Find the line with "Kanoa Igarashi faz" and the line with "4/17 Simon Court, Epping VIC 3076" in the entries below; output exactly those two lines, every line between them, and no others.

- - -

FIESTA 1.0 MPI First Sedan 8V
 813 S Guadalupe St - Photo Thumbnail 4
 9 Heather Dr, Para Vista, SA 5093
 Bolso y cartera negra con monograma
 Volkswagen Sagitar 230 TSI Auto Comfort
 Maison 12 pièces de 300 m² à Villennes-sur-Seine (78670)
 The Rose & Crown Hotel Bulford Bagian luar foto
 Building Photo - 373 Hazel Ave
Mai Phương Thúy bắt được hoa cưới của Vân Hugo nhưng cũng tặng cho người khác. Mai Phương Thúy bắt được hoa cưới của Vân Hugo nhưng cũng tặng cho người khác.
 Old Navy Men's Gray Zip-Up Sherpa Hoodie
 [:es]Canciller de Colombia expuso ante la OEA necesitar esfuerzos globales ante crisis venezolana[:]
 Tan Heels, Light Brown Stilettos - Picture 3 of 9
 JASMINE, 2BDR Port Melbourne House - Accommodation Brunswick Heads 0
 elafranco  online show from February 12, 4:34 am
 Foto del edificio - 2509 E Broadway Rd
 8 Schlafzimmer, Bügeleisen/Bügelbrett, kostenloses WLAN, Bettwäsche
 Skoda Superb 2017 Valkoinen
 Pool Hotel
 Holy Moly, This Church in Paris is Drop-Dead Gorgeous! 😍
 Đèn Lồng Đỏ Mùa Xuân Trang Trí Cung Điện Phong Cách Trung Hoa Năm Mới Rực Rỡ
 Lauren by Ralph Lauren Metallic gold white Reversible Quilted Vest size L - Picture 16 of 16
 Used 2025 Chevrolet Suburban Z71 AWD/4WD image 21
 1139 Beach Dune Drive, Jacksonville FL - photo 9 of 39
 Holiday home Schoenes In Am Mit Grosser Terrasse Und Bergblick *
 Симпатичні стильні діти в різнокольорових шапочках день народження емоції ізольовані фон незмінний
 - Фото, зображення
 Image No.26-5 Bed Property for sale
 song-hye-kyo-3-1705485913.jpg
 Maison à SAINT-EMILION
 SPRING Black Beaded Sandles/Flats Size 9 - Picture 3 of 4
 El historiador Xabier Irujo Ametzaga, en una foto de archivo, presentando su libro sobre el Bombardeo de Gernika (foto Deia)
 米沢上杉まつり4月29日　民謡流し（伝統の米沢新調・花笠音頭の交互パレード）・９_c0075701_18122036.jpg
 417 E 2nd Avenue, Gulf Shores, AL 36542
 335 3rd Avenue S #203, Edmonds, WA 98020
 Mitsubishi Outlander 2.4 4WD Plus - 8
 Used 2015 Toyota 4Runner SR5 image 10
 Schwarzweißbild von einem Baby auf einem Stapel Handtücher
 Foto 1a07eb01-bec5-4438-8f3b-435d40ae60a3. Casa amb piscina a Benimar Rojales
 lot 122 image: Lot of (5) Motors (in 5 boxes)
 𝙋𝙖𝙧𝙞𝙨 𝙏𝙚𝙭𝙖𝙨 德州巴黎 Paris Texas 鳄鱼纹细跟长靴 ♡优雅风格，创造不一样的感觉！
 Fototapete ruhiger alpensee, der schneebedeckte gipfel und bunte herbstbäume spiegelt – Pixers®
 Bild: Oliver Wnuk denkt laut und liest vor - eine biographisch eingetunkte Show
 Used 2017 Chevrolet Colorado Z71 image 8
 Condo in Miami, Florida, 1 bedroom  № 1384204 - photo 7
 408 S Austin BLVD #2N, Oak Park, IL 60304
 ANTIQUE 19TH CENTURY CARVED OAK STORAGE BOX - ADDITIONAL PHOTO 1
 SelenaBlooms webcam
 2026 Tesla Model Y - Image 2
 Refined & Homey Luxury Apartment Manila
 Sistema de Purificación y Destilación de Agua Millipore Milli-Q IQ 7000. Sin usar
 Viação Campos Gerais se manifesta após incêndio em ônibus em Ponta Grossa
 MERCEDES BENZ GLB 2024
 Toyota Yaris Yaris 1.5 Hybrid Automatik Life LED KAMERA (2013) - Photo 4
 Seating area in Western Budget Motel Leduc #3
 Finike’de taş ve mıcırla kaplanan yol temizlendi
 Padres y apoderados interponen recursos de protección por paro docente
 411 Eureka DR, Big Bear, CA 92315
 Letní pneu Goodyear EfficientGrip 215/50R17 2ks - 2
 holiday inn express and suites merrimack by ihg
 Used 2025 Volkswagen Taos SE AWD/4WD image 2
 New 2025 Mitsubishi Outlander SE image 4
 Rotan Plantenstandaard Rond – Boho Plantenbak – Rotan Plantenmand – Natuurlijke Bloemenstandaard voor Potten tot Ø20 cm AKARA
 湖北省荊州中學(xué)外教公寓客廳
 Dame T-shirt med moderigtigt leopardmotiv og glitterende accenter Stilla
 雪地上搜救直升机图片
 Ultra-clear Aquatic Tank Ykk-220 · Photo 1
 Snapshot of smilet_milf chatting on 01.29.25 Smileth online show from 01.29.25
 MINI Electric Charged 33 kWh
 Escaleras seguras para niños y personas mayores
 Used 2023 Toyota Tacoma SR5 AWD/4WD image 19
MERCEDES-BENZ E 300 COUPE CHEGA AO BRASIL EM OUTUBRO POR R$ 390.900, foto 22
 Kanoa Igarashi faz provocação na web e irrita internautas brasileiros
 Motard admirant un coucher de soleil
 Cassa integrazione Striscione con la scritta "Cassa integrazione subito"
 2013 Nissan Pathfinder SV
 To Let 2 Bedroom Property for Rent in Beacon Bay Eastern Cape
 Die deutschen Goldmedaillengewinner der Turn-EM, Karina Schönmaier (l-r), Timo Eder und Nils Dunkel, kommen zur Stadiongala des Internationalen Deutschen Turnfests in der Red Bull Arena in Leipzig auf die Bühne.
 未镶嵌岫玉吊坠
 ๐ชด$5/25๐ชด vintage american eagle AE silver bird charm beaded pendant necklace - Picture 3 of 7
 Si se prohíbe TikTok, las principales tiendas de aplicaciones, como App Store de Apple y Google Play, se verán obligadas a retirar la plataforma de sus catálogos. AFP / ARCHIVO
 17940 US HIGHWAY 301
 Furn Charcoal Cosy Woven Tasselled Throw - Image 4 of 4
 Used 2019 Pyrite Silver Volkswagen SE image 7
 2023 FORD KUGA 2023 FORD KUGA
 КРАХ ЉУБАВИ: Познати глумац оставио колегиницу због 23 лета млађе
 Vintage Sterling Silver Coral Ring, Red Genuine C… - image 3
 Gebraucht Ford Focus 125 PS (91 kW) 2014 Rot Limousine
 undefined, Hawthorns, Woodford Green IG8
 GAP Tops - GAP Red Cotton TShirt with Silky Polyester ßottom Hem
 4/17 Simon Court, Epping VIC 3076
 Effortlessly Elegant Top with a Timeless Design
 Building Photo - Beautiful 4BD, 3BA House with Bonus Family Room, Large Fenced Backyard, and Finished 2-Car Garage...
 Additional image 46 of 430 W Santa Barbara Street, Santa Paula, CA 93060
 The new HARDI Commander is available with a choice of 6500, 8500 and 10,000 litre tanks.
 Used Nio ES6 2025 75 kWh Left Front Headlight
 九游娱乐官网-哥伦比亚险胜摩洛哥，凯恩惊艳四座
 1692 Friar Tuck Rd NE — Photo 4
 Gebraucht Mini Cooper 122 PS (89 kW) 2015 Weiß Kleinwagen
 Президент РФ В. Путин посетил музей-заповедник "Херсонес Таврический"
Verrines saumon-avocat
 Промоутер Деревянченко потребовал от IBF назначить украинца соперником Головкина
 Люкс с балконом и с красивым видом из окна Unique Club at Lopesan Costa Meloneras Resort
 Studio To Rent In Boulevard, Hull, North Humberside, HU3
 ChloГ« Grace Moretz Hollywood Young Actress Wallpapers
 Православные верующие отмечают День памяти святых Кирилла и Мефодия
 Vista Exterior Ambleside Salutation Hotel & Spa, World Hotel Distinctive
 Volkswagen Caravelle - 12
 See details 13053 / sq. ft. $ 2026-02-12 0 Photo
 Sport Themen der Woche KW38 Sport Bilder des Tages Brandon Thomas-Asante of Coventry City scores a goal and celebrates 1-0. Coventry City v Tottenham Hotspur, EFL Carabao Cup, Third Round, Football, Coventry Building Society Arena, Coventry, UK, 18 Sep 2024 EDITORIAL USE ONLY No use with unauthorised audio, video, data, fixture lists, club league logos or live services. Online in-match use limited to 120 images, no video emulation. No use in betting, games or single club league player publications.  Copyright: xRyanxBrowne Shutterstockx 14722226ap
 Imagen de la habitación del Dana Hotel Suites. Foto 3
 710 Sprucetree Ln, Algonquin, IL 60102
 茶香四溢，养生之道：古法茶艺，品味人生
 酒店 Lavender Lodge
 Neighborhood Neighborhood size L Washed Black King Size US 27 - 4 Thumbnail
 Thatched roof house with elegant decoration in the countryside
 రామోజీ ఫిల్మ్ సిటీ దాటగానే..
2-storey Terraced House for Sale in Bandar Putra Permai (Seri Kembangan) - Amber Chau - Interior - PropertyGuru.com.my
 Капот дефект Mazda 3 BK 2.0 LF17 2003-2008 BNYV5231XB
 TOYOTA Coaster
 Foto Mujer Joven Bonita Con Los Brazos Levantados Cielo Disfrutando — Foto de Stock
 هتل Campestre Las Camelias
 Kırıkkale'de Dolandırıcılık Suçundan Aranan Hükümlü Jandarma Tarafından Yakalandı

- - -

**ANSWER SECTION**
 Kanoa Igarashi faz provocação na web e irrita internautas brasileiros
 Motard admirant un coucher de soleil
 Cassa integrazione Striscione con la scritta "Cassa integrazione subito"
 2013 Nissan Pathfinder SV
 To Let 2 Bedroom Property for Rent in Beacon Bay Eastern Cape
 Die deutschen Goldmedaillengewinner der Turn-EM, Karina Schönmaier (l-r), Timo Eder und Nils Dunkel, kommen zur Stadiongala des Internationalen Deutschen Turnfests in der Red Bull Arena in Leipzig auf die Bühne.
 未镶嵌岫玉吊坠
 ๐ชด$5/25๐ชด vintage american eagle AE silver bird charm beaded pendant necklace - Picture 3 of 7
 Si se prohíbe TikTok, las principales tiendas de aplicaciones, como App Store de Apple y Google Play, se verán obligadas a retirar la plataforma de sus catálogos. AFP / ARCHIVO
 17940 US HIGHWAY 301
 Furn Charcoal Cosy Woven Tasselled Throw - Image 4 of 4
 Used 2019 Pyrite Silver Volkswagen SE image 7
 2023 FORD KUGA 2023 FORD KUGA
 КРАХ ЉУБАВИ: Познати глумац оставио колегиницу због 23 лета млађе
 Vintage Sterling Silver Coral Ring, Red Genuine C… - image 3
 Gebraucht Ford Focus 125 PS (91 kW) 2014 Rot Limousine
 undefined, Hawthorns, Woodford Green IG8
 GAP Tops - GAP Red Cotton TShirt with Silky Polyester ßottom Hem
 4/17 Simon Court, Epping VIC 3076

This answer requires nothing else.